#### Work task
The material below is to be copied exactly from the line with "4 Pcs White" up to and including the line with "Nine Britton Womens", with nothing else kept and no pictures.

#### Supplied information
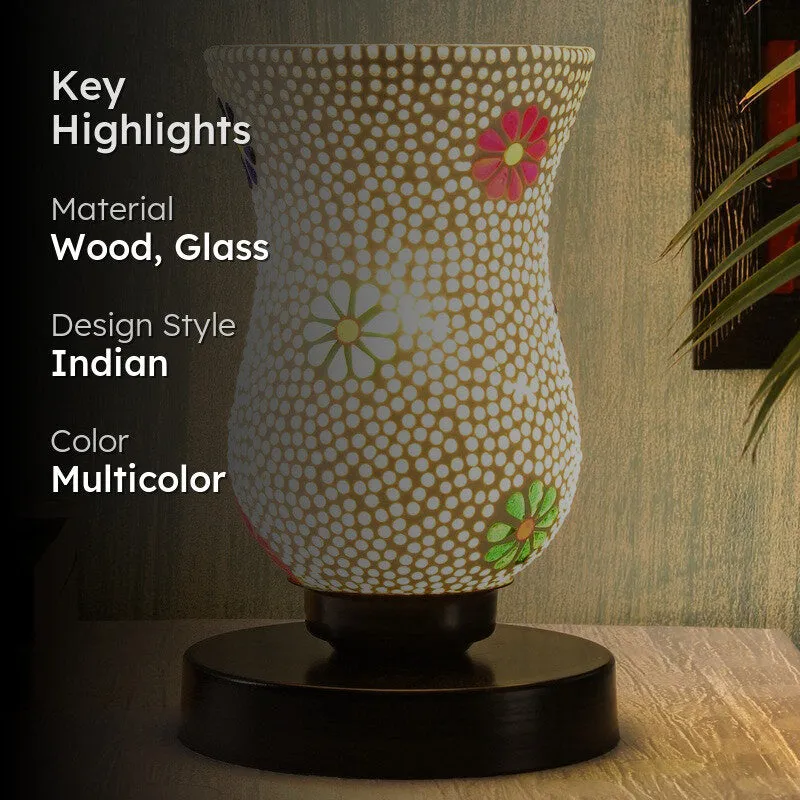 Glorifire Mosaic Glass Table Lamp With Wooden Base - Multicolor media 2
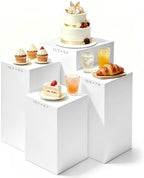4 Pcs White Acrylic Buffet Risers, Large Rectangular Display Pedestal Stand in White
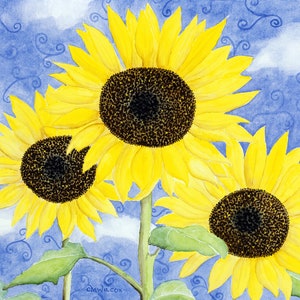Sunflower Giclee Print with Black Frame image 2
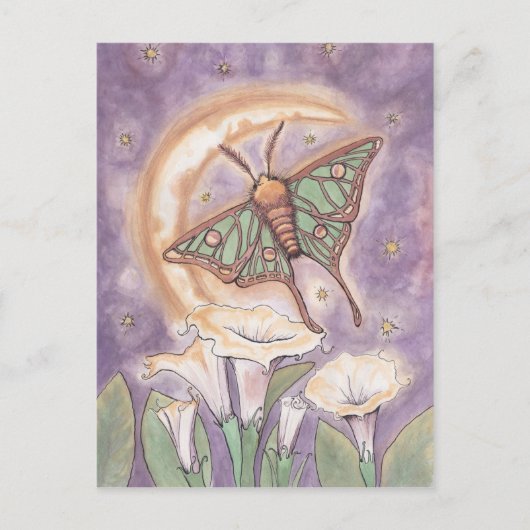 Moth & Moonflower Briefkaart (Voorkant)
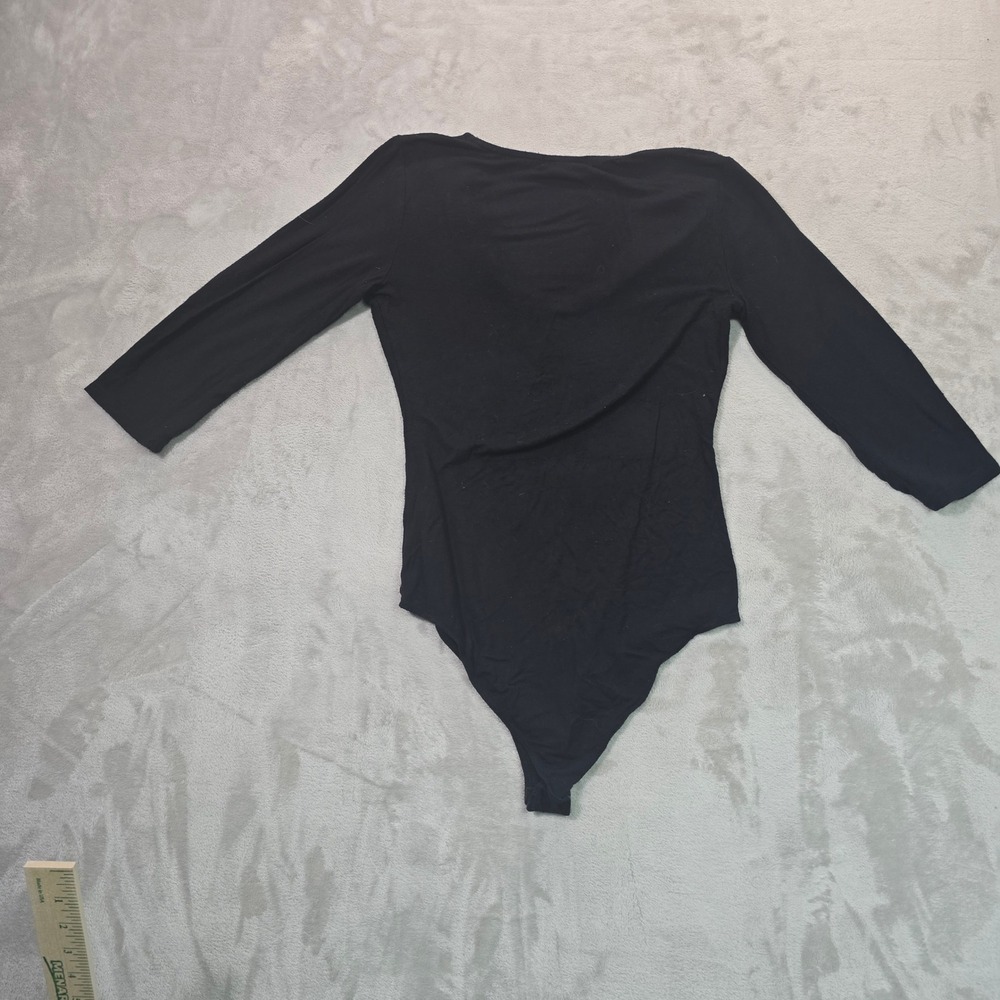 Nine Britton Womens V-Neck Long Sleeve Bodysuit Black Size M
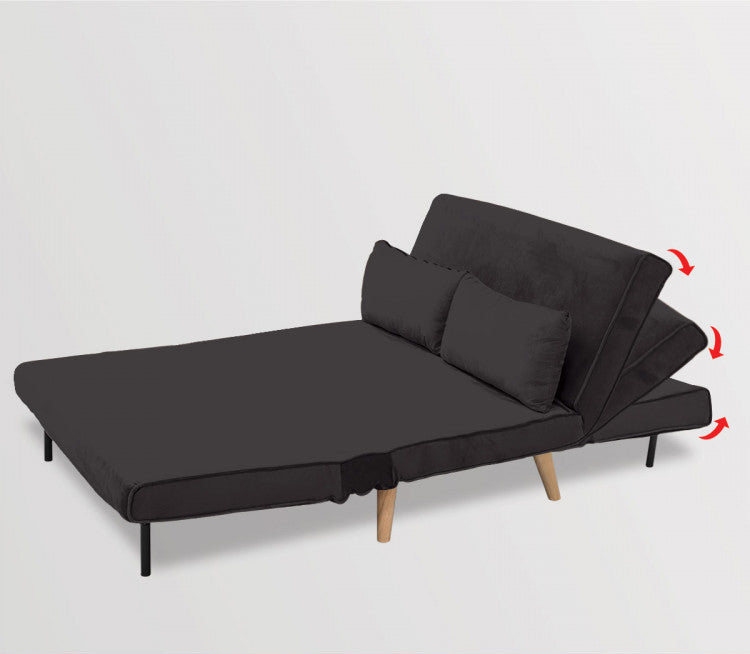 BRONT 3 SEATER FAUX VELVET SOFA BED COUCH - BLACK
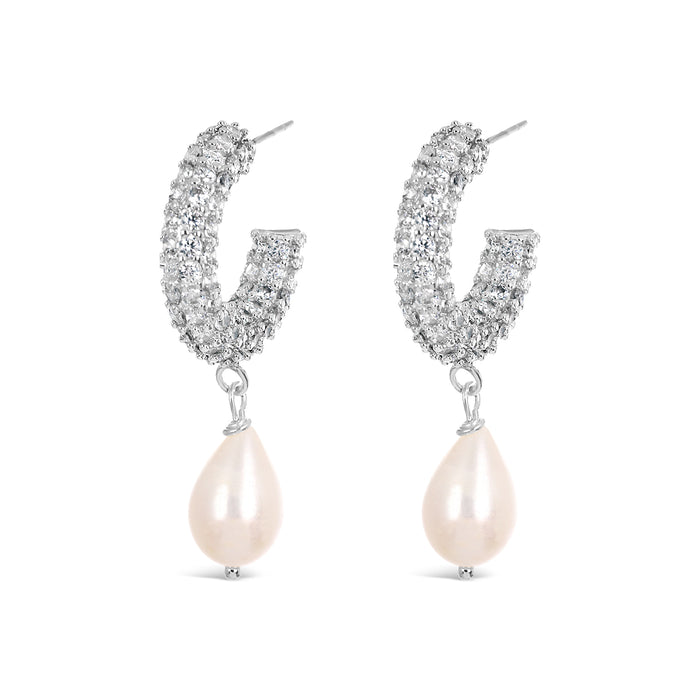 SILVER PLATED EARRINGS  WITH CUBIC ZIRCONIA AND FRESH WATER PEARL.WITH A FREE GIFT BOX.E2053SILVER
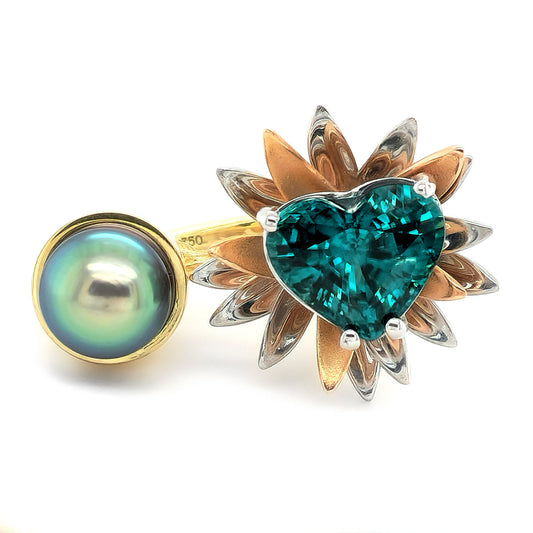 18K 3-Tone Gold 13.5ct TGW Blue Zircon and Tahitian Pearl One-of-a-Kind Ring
* * *
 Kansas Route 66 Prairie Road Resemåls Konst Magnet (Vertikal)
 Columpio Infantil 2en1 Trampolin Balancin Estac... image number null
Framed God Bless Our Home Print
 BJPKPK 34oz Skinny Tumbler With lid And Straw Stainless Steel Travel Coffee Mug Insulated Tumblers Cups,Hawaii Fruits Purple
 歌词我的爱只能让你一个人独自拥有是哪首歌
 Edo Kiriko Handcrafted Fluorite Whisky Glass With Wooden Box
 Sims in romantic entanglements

#### Answer to this problem
4 Pcs White Acrylic Buffet Risers, Large Rectangular Display Pedestal Stand in White
Sunflower Giclee Print with Black Frame image 2
 Moth & Moonflower Briefkaart (Voorkant)
 Nine Britton Womens V-Neck Long Sleeve Bodysuit Black Size M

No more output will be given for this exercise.